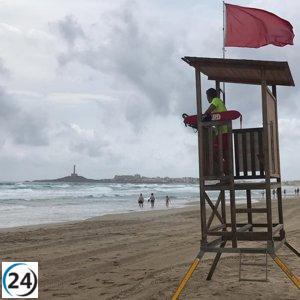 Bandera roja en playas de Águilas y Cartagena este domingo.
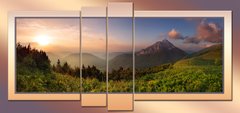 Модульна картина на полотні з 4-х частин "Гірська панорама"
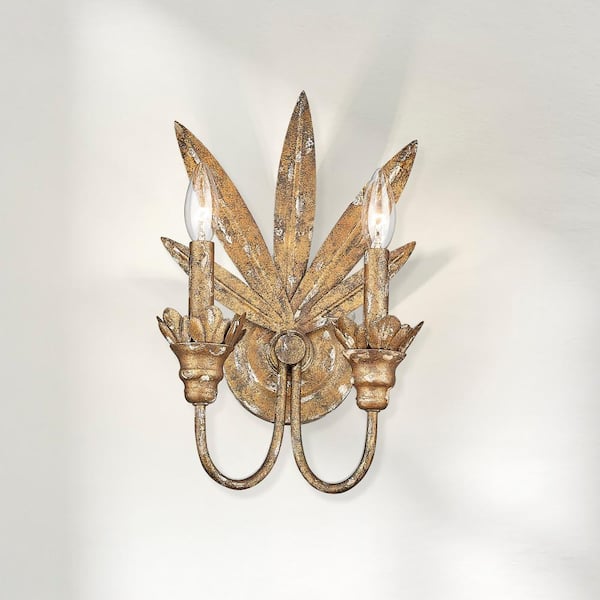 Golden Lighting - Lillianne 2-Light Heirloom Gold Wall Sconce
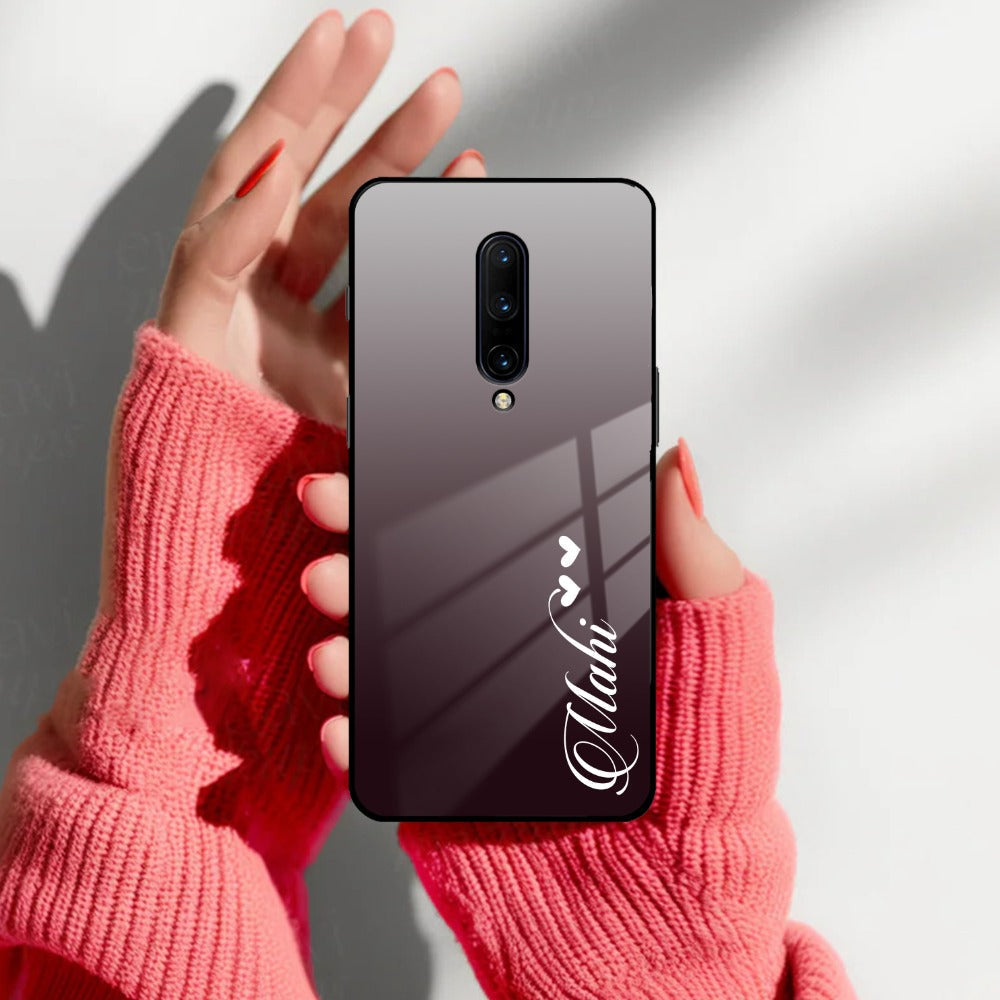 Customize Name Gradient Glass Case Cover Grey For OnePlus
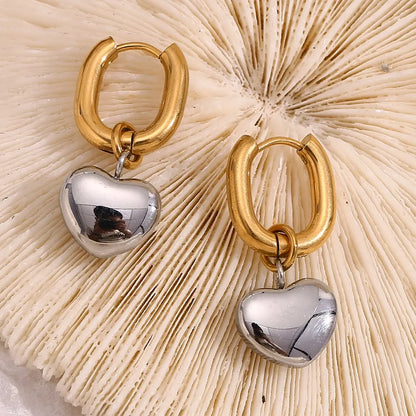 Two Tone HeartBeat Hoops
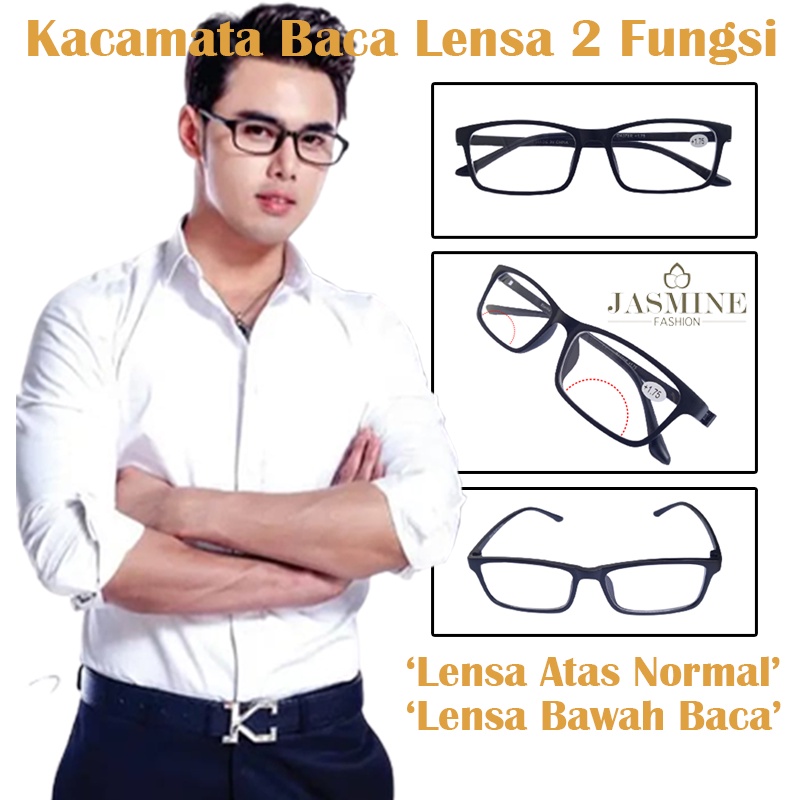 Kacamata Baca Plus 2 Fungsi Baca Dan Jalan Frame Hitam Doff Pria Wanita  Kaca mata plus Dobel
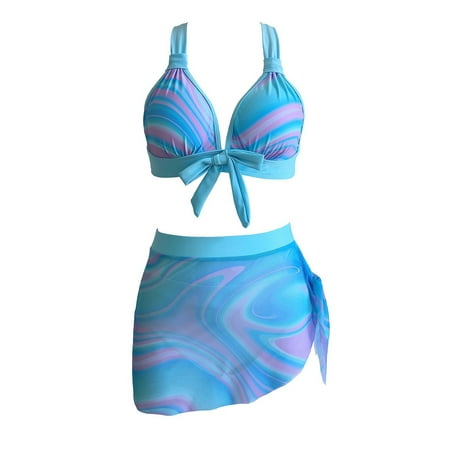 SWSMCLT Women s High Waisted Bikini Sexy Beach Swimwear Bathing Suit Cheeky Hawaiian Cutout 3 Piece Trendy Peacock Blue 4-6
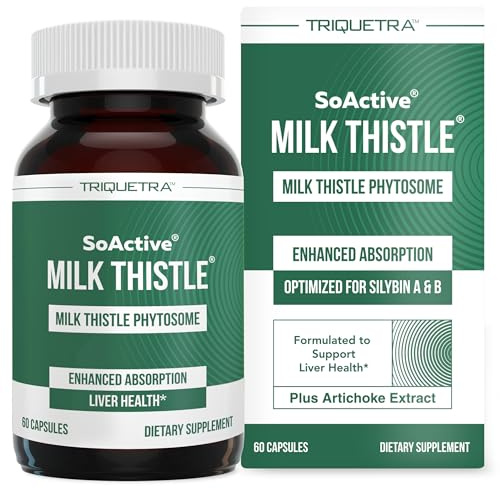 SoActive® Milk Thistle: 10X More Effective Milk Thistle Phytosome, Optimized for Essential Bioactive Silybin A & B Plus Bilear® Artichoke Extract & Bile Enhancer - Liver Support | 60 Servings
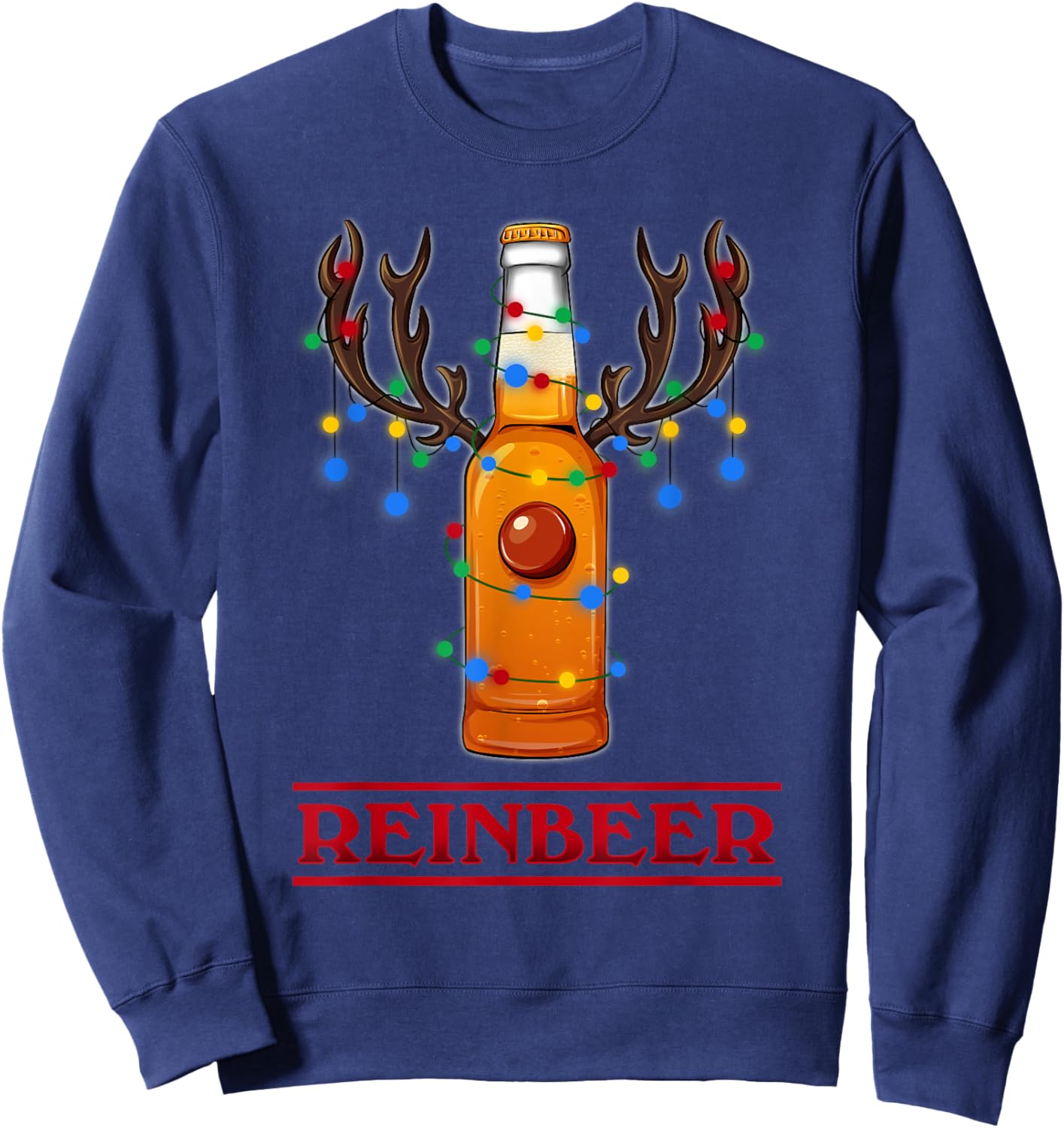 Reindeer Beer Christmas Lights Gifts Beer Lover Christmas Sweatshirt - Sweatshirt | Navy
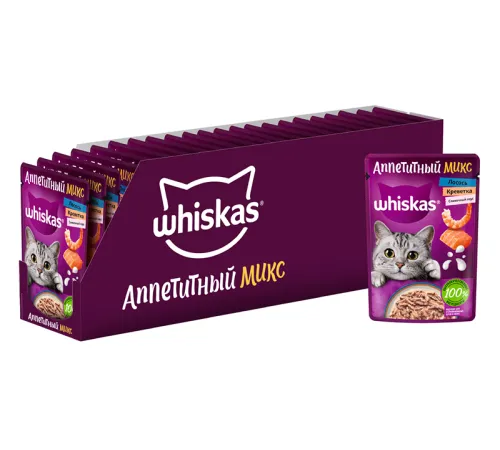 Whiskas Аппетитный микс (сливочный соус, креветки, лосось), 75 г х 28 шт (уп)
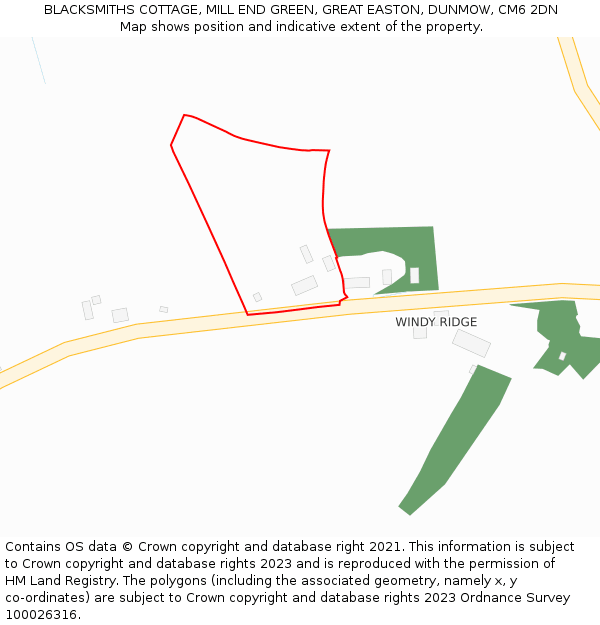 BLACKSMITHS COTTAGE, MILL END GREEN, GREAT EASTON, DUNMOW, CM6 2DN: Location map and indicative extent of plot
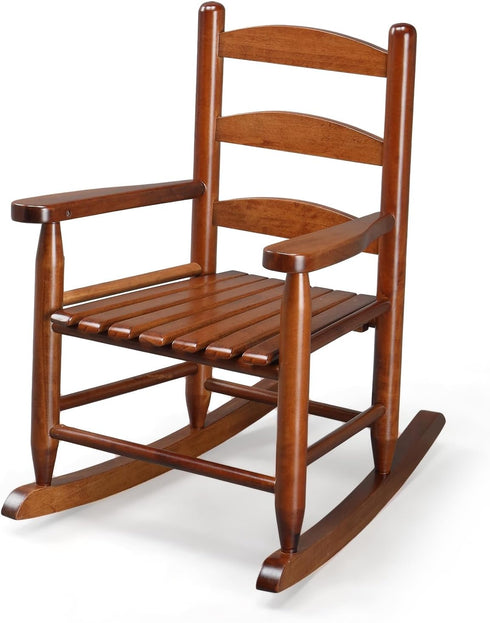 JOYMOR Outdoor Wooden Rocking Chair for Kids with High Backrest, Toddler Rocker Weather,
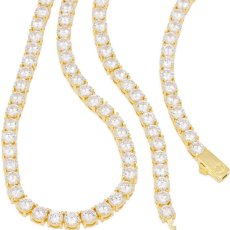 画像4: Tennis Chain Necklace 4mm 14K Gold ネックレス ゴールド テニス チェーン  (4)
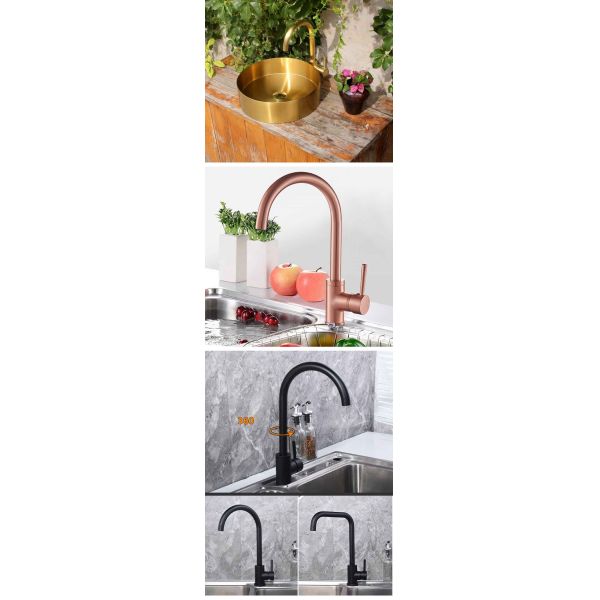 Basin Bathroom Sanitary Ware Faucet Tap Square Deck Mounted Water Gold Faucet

┄┄┄┄┄┄

» **ASSIGNED TASK**: Which lines fall between the one containing "SWSMCLT Women s" and the last line of the listing, both included? Give them again exactly, without the pictures.

» **RESPONSE TO THE EXERCISE**:
 SWSMCLT Women s High Waisted Bikini Sexy Beach Swimwear Bathing Suit Cheeky Hawaiian Cutout 3 Piece Trendy Peacock Blue 4-6
 SoActive® Milk Thistle: 10X More Effective Milk Thistle Phytosome, Optimized for Essential Bioactive Silybin A & B Plus Bilear® Artichoke Extract & Bile Enhancer - Liver Support | 60 Servings
 Reindeer Beer Christmas Lights Gifts Beer Lover Christmas Sweatshirt - Sweatshirt | Navy
 Whiskas Аппетитный микс (сливочный соус, креветки, лосось), 75 г х 28 шт (уп)
 BLACKSMITHS COTTAGE, MILL END GREEN, GREAT EASTON, DUNMOW, CM6 2DN: Location map and indicative extent of plot
 JOYMOR Outdoor Wooden Rocking Chair for Kids with High Backrest, Toddler Rocker Weather,
 画像4: Tennis Chain Necklace 4mm 14K Gold ネックレス ゴールド テニス チェーン  (4)
 Basin Bathroom Sanitary Ware Faucet Tap Square Deck Mounted Water Gold Faucet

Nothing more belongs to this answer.